Bobbi Brown spoke at our morning ceremony to our Schools of Business& Technology and Liberal Arts students–recounting her own struggle to find a foothold in her pursuit of success. When, after college, she came to New York to shape a career as a make-up artist, no doors automatically opened for her. She became fearless…knocking on doors…making cold calls…picking up advice wherever she could…and supporting herself as a waitress. It took seven months to get her first “real” job as an assistant at Glamour magazine and a full seven years to get her dream job–as the make-up artist for a Vogue cover. She recalled with fondness how kind the photographer Bruce Weber was to her on that first assignment and how important his kindness was to her at that time. So be nice, she told the students. “Be nice to yourself and to others.” She closed her remarks with some motherly advice: don’t smoke; wear your seat belts, keep your Instagrams and Facebook clean (“we are watching”)–and thank your parents. The audience cheered.
Christian Louboutin was our afternoon speaker. Looking dashing in his cap, gown and red-soled slippers, he was greeted by the Art & Design and Graduate School students with a roar.

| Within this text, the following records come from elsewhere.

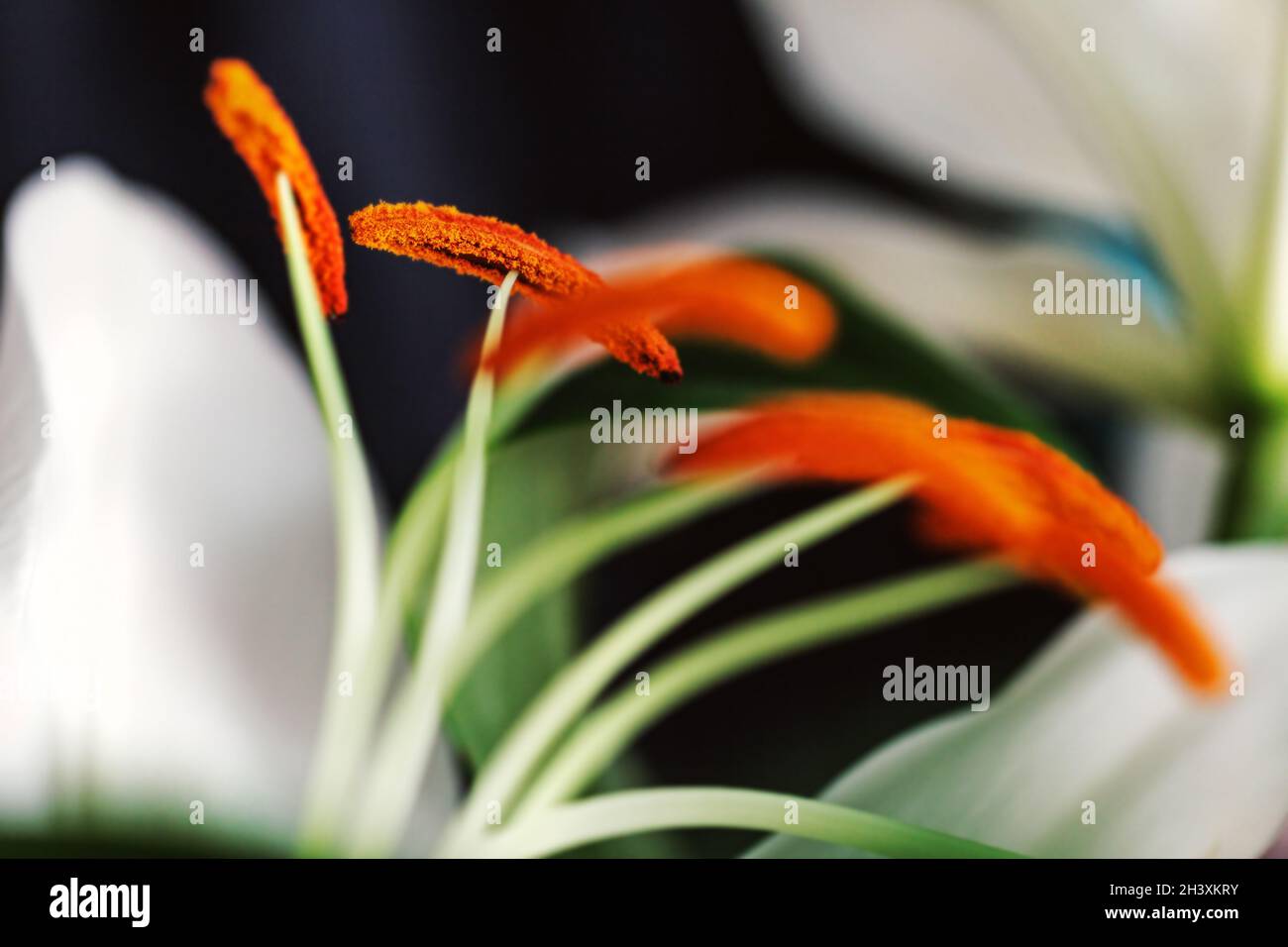 Real close-up orange stamens of white lilies for original mood Stock Photo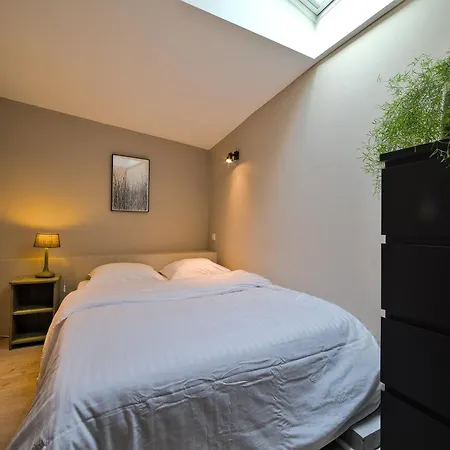 Peniche Mapensee Apartment Metz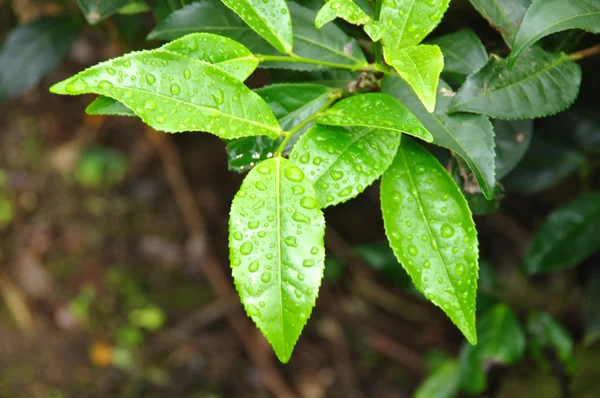 Blätter aus Tee grden Südindien — Stockfoto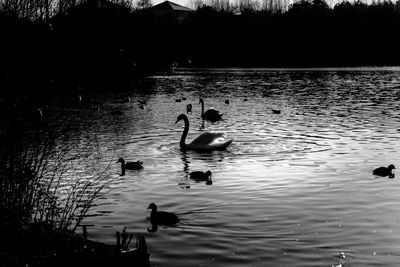 Swans swimming in lake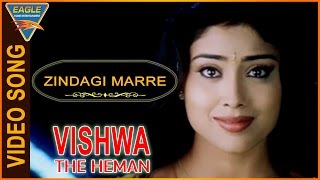 Vishwa the Heman Hindi Dubbed Movie || Zindagi Marre Video Song || Eagle Hindi Movies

Like Bobbi Brown, he drew from his own experience to give advice to the students. When he opened his business in Paris in late 1991, he was told that this was a “super stupid” time to start a business: there was the Gulf war…the global economy was terrible. “But you must listen to your inner clock,” he said, and went ahead. He was told to never work with friends or they will end up being your enemies. That was 23 years ago. Today, the two friends with whom he started his business remain not only in business with him, but his best friends. He also emphasized how important freedom is to him. With an impish smile, he told the students that just looking at his passport makes him happy–it symbolizes the freedom he feels to travel whenever and wherever he likes. But freedom for Mr. Louboutin really translates into owning his own company and answering only to himself. For him, this is essential. Everyone should live by their own set of rules. And finally, he advised, “Enjoy the process of every day. It is the journey of all of the every days that will comprise your career.”